Here's why what you've likely learned about feelings is dead wrong. | Annie Wright, LMFT | www.anniewright.com

So let’s talk about feelings, shall we?

As a psychotherapist, I truly believe that experiencing our emotions is integral to feeling whole and alive and to having deep and rich relationships.

I truly believe that the more we are able to feel, tolerate, and appropriately express our emotions, the greater our quality of life will be.

However, learning how to feel and appropriately express our emotions is a skill we all have to learn growing up, but, unfortunately, few of us grew up in homes or communities where we received lots of support and encouragement about how to feel and express our feelings.

More likely, many of us grew up in homes or communities where it wasn’t fully okay or even safe to express these emotions.

These early experiences may have created beliefs and patterns in us about our feelings – messages like “anger is bad”, patterns like “I can’t show someone how I feel” etc..

Here's why what you've likely learned about feelings is dead wrong. | Annie Wright, LMFT | www.anniewright.com

Here’s why what you’ve likely learned about feelings is dead wrong.

And while these messages and patterns likely served a great purpose for you back then (keeping you safe, for instance, in a family where it wasn’t safe to show emotions), these early beliefs might now be keeping you locked into rigid emotional patterns that aren’t helping you live a life that feels as rich and connected as you would like.

If this is the case for you, you’re not alone.

It was the case for me and also for many of the clients I work with.

The good news?

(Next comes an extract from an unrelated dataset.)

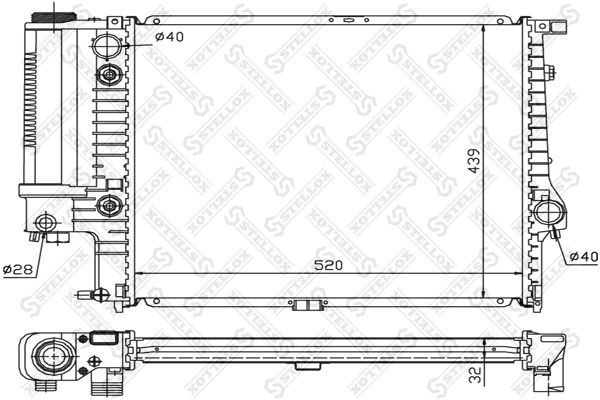 10-25250-SX, Радиатор системы охлаждения (c АКПП), BMW E34 2.0-2.5 88 ...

You’re in wonderful company.

Do you come from a childhood trauma background?

Take this 5-minute quiz to find out (and more importantly, what to do about it if you do.)

The great news? It’s never too late to learn more about how to undo these early messages and how to fully experience and appropriately express your feelings so that you can deepen your sense of aliveness and connection in the world.

In this post, I want to share some ideas and tools with you to help you do just that.

Recognizing and Respecting the Value of Your Feelings.

As we begin the process of fully feeling and appropriately expressing our emotions, it’s likely that our stories and beliefs about feelings will be flushed to the surface.

In working with my clients, two of the most common internalized messages that show up around this are “Some emotions are good; others are bad” and “It doesn’t do me any good to feel this way.”

Let’s unpack these assumptions, shall we?

  • No Such Thing as Bad or Good: One thing I often hear in my work is some version of this: “I don’t want to feel angry – I just want to be positive.” Many of us have unconsciously categorized certain emotions as “good” and certain emotions as “bad”. But actually, this couldn’t be further from the truth! Emotions are not “good or bad” or right or wrong. They simply just are. Emotions are energetic charges in our bodies that come and go like waves on a beach, a constant presence in our lives. And, to use another metaphor, if each emotion is like a key on a keyboard, you can imagine that the goal of life isn’t to play just a few notes on the keyboard of emotions (how boring!) but rather to learn to play all of the keys to play the richest symphony of music possible. We really, truly want to be able to feel and honor each of our emotions. Even the ones that sometimes might be challenging to feel.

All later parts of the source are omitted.